Generate Assets Stage

“Generate Assets” is a new stage for the import pipeline, and will be the final stage before the snapshot is ready to be reviewed by a user, or automatically pushed. If a custom destination is designated for any of the snapshot’s destinations, a custom file will be created and copied to DOC’s internal assets. Moving the custom asset generation to the import pipeline allows for the “Destination Push” process to be more efficient, and also allows the user to download a custom file (similar to downloading the JSON on a snapshot now from the home page) without a push taking place. A link will be made available in the “Download Snapshot” window for this.

IMPORTANT: Note that if you need to apply changes to a custom file after it has been imported you will need to "Regenerate Custom Assets" from the Snapshot Home page.

For more see Snapshot Retry Options

Delivery Alarm Severities

An Alarm Group’s and Delivery’s state will reflect the most severe Alarm state.

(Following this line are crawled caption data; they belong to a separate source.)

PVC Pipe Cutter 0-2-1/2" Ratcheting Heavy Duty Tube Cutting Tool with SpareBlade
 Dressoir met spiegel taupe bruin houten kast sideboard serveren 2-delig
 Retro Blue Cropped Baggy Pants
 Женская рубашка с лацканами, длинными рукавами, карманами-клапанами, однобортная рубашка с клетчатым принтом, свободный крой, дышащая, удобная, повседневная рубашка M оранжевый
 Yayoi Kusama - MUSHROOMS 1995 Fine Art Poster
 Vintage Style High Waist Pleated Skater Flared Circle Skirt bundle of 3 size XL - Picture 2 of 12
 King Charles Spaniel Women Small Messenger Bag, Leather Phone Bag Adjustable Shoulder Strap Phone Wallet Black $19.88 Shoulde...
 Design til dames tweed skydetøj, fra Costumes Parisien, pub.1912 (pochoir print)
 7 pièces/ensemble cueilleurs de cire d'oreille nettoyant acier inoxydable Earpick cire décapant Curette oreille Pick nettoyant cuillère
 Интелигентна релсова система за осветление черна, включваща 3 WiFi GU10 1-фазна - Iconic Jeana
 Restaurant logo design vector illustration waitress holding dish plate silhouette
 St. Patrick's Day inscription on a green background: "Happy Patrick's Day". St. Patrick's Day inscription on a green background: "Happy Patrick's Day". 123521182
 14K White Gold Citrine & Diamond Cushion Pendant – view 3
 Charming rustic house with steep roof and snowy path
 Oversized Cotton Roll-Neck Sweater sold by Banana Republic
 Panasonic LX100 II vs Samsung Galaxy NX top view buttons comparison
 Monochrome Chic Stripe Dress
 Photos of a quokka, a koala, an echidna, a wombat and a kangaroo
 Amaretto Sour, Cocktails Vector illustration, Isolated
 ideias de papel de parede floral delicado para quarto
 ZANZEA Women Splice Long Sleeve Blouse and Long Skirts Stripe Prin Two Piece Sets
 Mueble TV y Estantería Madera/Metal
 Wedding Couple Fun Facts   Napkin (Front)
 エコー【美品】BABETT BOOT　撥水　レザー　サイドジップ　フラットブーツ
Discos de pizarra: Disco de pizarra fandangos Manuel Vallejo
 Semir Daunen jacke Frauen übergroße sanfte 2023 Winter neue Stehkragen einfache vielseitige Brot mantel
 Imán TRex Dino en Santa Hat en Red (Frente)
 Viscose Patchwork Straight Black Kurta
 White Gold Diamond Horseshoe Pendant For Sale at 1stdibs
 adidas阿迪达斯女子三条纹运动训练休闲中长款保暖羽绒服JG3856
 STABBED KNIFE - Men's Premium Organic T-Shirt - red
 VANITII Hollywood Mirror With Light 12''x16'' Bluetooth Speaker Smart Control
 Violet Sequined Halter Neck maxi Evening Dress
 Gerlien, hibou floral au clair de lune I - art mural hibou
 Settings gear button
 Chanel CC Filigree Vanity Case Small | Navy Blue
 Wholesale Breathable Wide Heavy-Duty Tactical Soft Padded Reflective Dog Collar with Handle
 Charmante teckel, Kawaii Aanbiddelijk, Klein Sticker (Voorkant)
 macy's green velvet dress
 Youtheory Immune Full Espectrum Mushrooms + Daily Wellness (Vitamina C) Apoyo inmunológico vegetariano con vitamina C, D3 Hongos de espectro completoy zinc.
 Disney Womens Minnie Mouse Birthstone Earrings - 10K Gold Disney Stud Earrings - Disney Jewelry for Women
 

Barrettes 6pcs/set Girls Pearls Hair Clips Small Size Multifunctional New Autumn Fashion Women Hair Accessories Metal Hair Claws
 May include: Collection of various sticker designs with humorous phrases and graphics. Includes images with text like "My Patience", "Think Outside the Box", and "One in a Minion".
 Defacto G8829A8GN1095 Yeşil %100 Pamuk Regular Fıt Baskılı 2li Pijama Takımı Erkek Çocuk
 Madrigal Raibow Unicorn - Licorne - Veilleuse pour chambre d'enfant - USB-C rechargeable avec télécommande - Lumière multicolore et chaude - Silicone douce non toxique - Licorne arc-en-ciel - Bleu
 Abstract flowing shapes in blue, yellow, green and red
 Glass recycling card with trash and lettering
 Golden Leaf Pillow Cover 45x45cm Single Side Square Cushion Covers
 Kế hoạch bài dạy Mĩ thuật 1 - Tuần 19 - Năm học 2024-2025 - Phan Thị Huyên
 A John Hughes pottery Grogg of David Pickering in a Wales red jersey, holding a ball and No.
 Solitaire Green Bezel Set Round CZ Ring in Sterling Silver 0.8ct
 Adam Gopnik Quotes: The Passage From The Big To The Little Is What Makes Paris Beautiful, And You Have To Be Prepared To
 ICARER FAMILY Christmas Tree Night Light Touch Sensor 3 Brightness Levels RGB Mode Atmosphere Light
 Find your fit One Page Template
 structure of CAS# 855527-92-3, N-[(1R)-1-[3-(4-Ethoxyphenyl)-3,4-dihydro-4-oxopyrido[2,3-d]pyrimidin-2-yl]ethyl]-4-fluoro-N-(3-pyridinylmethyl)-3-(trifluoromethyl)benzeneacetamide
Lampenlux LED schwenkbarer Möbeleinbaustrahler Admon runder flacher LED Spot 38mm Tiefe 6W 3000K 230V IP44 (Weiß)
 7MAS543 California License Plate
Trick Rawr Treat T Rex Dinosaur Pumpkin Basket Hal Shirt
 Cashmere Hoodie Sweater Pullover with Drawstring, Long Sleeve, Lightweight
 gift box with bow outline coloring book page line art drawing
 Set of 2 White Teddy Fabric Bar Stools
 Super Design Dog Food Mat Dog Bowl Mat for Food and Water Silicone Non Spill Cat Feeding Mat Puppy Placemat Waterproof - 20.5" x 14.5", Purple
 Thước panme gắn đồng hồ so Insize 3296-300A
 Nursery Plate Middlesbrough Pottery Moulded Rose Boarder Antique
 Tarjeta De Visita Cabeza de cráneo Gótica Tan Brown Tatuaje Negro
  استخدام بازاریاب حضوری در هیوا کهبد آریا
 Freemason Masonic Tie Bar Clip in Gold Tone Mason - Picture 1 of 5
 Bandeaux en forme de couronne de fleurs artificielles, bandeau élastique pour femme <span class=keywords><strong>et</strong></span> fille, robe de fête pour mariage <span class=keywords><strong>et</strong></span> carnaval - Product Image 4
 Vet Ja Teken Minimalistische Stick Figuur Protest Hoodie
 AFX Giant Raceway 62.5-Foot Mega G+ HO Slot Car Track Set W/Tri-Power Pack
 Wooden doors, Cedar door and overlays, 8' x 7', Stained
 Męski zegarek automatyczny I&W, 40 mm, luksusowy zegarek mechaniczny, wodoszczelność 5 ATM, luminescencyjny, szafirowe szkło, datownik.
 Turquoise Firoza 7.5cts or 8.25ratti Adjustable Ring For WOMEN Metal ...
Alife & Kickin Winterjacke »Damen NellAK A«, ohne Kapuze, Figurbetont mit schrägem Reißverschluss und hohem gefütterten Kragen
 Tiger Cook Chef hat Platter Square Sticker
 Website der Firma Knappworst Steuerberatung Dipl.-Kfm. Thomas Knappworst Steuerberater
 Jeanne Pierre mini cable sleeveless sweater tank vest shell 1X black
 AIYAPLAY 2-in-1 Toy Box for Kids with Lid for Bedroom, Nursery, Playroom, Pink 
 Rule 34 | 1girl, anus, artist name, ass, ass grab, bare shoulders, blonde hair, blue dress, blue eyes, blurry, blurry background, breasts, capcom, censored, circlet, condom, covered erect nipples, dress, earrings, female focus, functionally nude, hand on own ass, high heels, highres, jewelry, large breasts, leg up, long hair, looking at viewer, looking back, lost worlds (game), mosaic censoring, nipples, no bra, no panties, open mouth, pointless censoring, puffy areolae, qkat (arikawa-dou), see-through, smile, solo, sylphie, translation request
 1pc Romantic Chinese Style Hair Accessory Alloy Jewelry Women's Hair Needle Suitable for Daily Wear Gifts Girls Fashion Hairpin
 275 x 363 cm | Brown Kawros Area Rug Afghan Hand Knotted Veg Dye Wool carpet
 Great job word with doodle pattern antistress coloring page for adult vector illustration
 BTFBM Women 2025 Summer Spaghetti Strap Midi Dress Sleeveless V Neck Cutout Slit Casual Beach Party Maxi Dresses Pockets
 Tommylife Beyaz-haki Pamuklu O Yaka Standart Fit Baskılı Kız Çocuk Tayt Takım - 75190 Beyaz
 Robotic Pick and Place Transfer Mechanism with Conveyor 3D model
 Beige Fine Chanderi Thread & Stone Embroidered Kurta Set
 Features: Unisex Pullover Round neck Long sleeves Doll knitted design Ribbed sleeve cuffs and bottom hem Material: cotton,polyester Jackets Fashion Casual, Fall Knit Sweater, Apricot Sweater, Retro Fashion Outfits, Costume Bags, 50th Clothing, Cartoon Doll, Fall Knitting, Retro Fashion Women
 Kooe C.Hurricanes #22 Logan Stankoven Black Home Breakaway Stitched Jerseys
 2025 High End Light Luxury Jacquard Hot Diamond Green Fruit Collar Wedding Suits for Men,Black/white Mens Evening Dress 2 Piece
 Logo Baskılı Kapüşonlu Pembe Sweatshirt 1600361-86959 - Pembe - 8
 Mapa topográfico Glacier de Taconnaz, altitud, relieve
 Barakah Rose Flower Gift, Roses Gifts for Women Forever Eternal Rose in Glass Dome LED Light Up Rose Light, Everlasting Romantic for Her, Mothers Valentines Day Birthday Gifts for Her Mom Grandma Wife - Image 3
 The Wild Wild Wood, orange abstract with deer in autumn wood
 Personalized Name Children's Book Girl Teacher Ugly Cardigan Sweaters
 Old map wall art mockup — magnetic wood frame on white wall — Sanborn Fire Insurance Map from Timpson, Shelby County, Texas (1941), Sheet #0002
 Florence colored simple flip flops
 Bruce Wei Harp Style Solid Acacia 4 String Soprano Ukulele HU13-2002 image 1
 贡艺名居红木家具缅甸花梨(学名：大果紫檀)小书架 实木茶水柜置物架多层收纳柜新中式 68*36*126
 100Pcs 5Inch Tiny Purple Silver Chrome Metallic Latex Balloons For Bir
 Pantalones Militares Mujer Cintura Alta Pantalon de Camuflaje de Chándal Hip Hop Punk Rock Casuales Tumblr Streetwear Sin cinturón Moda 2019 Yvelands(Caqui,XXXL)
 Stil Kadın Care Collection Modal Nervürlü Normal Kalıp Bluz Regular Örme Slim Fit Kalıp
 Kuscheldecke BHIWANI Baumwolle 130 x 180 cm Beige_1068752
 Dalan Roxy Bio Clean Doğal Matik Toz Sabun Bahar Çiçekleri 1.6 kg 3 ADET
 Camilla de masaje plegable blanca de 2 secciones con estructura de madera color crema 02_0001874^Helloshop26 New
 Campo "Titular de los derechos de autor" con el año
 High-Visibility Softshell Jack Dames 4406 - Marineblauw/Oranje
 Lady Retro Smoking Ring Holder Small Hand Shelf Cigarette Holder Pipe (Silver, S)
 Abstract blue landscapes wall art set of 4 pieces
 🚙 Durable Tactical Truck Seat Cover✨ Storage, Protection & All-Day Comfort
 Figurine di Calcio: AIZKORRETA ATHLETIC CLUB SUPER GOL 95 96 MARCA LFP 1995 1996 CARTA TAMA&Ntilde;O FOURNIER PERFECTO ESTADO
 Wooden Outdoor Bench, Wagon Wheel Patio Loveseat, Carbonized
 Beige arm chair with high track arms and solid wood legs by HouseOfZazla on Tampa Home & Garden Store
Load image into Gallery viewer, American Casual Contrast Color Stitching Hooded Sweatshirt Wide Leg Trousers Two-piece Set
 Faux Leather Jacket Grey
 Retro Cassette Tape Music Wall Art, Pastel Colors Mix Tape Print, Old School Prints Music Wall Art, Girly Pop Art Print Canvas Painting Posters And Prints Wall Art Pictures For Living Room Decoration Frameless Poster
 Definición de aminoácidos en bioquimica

The priority is as follows (most severe first):

CRITICAL → ERROR → WARNING → INFO

Pass/Revert all QA Checks

A checkbox is available on the QA Checks page which will allow you to PASS all QA checks or revert to their initial calculated value.

View History of Metric values

When performing QA Checks you now have the option to "Show Historical Values" which will fetch and display a history of values for that particular field.

Usability improvements

  • Removed eliding for breadcrumbs

  • Source list can now be filtered by parameter values for bulk editing

Bug fixes

  • Fixed double locale conversion during import stage where column typing was getting applied twice, causing incorrect data.

Release v6.1.0 - Dec 9, 2020

SOURCE_ENGINEER Role

SOURCE_ENGINEER role is now available to assign users of an Organization. This role restricts the creation and editing of most resources but allows:

  • Creating and Editing Sources

  • Snapshot operations

    • Running, re-running, re-importing, re-extracting

    • Passing/Failing QA Checks

    • Reverting/Retrying Destination Pushes

    • Commenting

  • Editing Source Filters on a flow

Byte Order Mark on Custom Output

You can now include a BOM header in your custom output. This is configured via a checkbox on the Collection Settings page.

View Accepted Checks

All tests which have manually been passed will be indicated with an orange checkmark. The "Initial Result" is also available on a QA Test.

Bug fixes

  • Performance improvements around Snapshot Stats Generation and Re Extract

Release v6.0.0 - Nov 17 2020

New Snapshot QA Checks UI

A redesigned look and feel of the Snapshot Checks page.

Bug fix

  • Failing to get snapshot inputs from S3 will fail immediately instead of retrying. Allowing users to quickly know the inputs file is not available.

  • Fix sort order on "History" views

  • Faster re-extract performance

Release v5.5.0 - Nov 9 2020

Chunk Collect Hours on chained segments

"Chunk Collect Hours" can now be configured at the segment level, allowing more granular control of your "Collected on Time" metrics.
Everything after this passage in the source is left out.